The great tease Vientos gave the Mets after a monstrous 2024 season continues to creep into our minds at any sign of promise. Despite some woeful stretches this year, his average never dipped below .222 and it’s comfortably at .241 on the year.
He has notably (and noticeably) become a more complete hitter. A strikeout rate of 20.4% actually has him around league average. His Baseball Savant Page lights up with red for everything but the swing-and-miss stuff his bat can’t seem to shake. If this is what Vientos is, the Mets can live with it.
Let’s now forget who Mark Vientos was always supposed to be
Never a top 100 prospect on any of the major lists, Vientos managed to get lumped in there with Francisco Alvarez, Brett Baty, and Ronny Mauricio due to timing. Often in the 5-10 range within the organization itself, Vientos putting together the best full season of any of them is what keeps us coming back.
The bare minimum of what the Mets want out of him is being met with predictors telling us he has been unlucky at times. Mashing lefties to the tune of .304/.333/.522, Vientos is an early outlier for a Mets team that struggles against southpaws.
With an expected slugging percentage in the 94th percentile, Vientos is well short of being among the top 6% sluggers in Major League Baseball. He also happens to have a batting average expected to be .287 based on the quality of his bat-to-ball results minus the reality of the balls actually falling in.
For some comparison, he was expected to hit .241 in 2024 with a .470 slugging percentage in 2026. A year that appears to be more luck than talent, the exact opposite has happened early on this year.
Ultimately, it’s the statistics and not predictors we care about most. If this is who Vientos is and will be, it’s livable.
The Mets are batting Vientos in the middle of their order when he probably should be more fifth or sixth on a truly competitive team.
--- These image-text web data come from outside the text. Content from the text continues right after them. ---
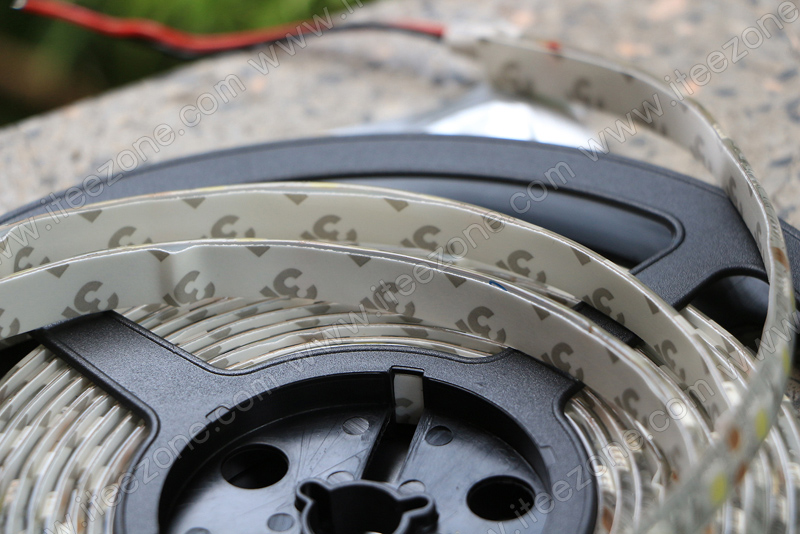 LED Strip เส้น ม้วน 5 เมตร สี Cool white 8000K (กันน้ำ IP65)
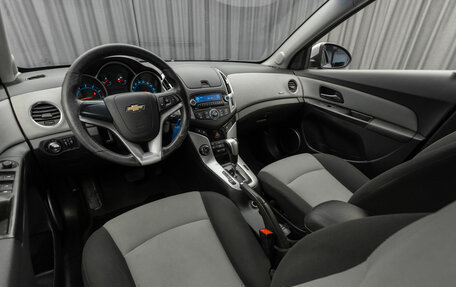 Chevrolet Cruze II, 2013 год, 590 000 рублей, 10 фотография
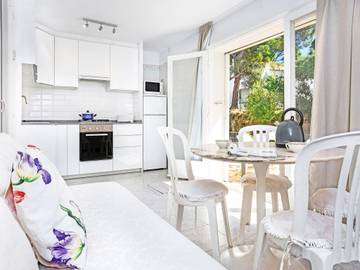 Holiday Rental for 6 People in Llafranc, Palafrugell, Photo 1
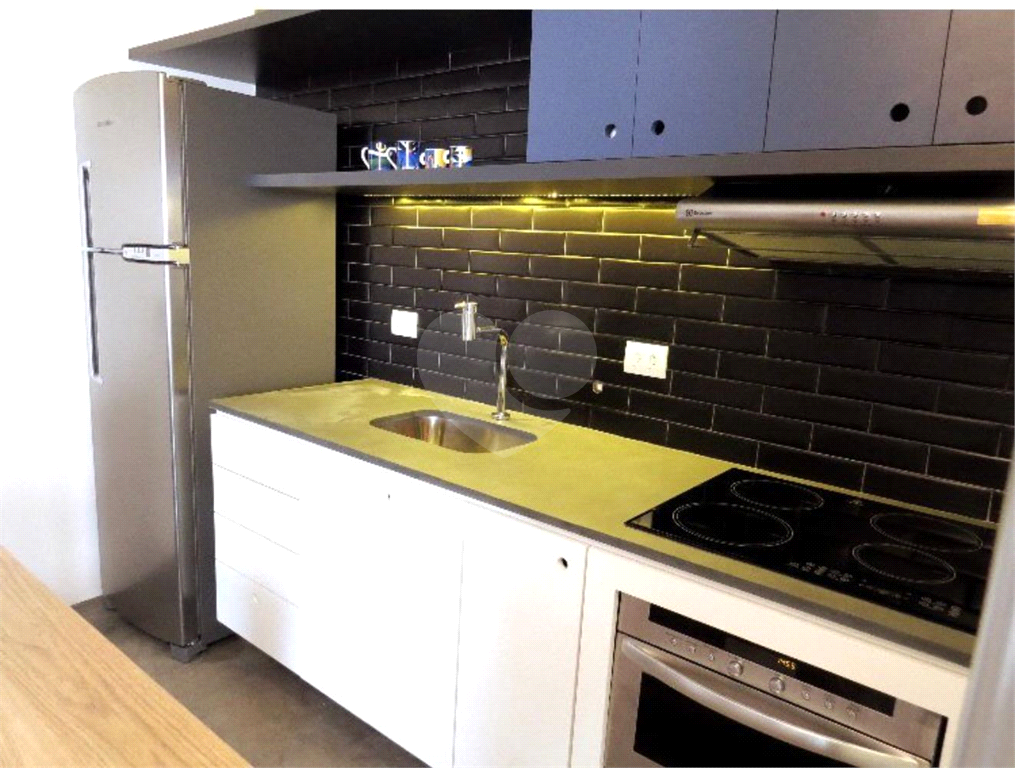APARTAMENTO em CAMPO BELO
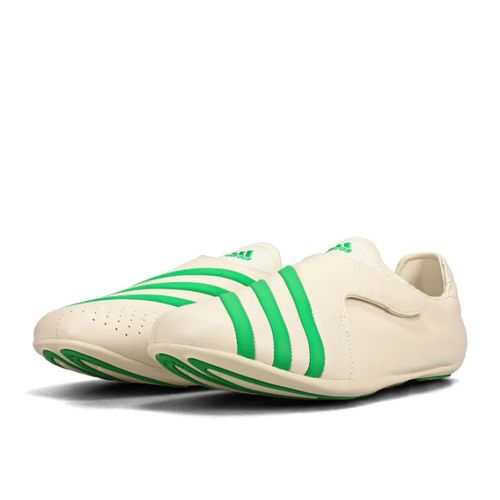 Vario Flat Earther Pharrell White Green - Adidas - Modalova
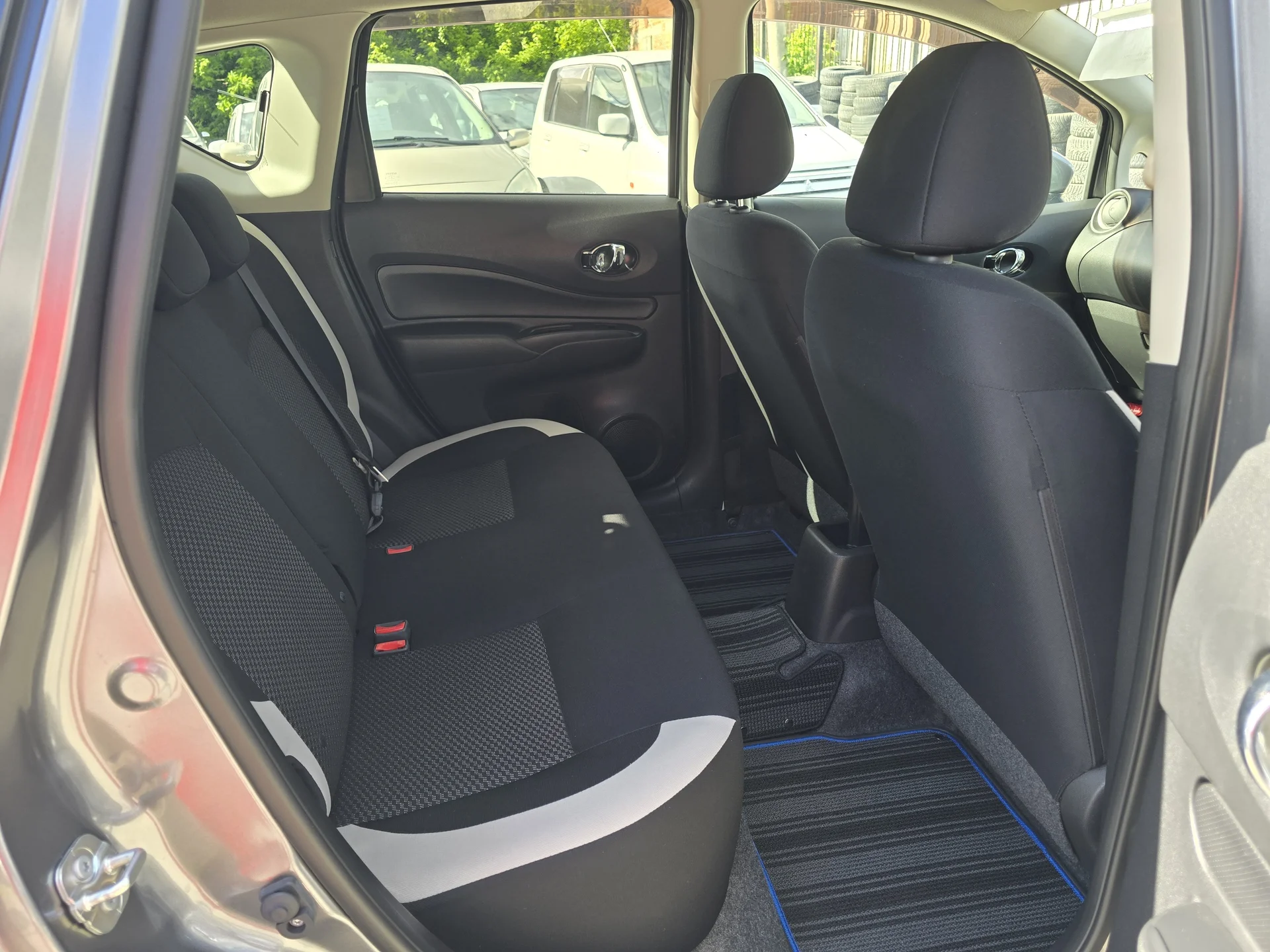 Nissan Note 1.2 AT, 2019г.в. - миниатюра 9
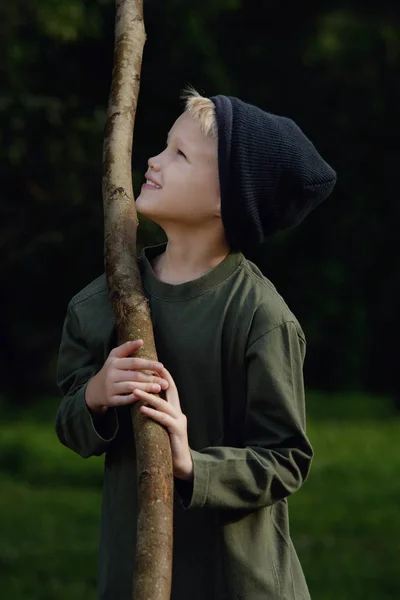 Хлопчик тримає велику палицю — стокове фото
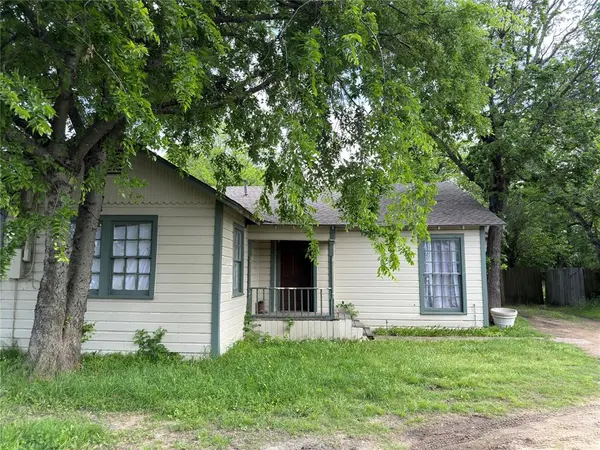 212 E 8th Street, Ferris, TX 75125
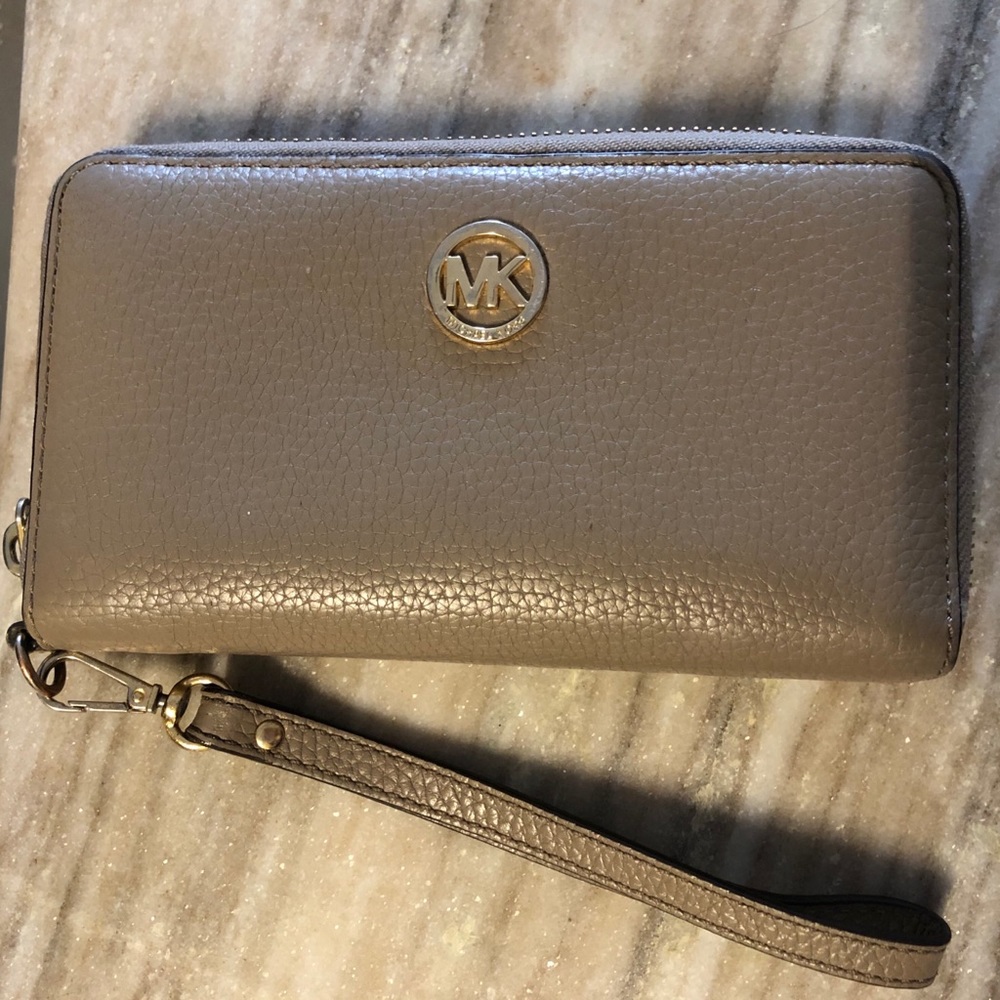 NWOT Michael Kors Wristlet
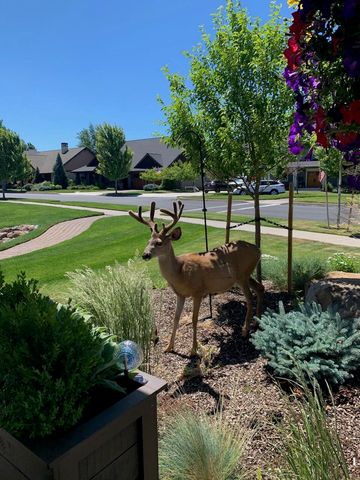 608 S Birch Street, Sisters, OR 97759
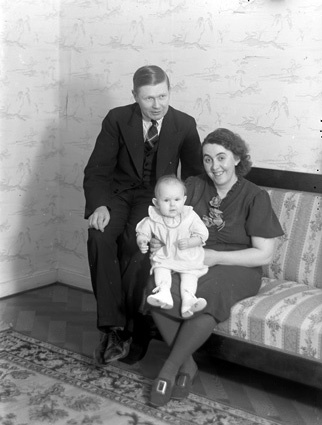 Harry och Martha Lundborg med dottern Monica, V...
Pushed into the cleanup spot at the moment, he has handled himself with a big game in each of the last three series. That trend, a big hit once per series, is more than acceptable. It’s far better than the guy who hits his solo home runs in blowout wins or losses late.
Clutch isn’t the appropriate word to describe the year Vientos is having and the numbers back it up. He’s somewhere in between a question mark and an exclamation point. A three-run home run to make a 4-3 lead more unattainable for the opponent might not feel clutch, but it’s a cousin.
Vientos may never be another Pete Alonso (gasp!). As a number six hitter with power and hitter who can put fear in the hearts of lefty pitchers, he's more than acceptable.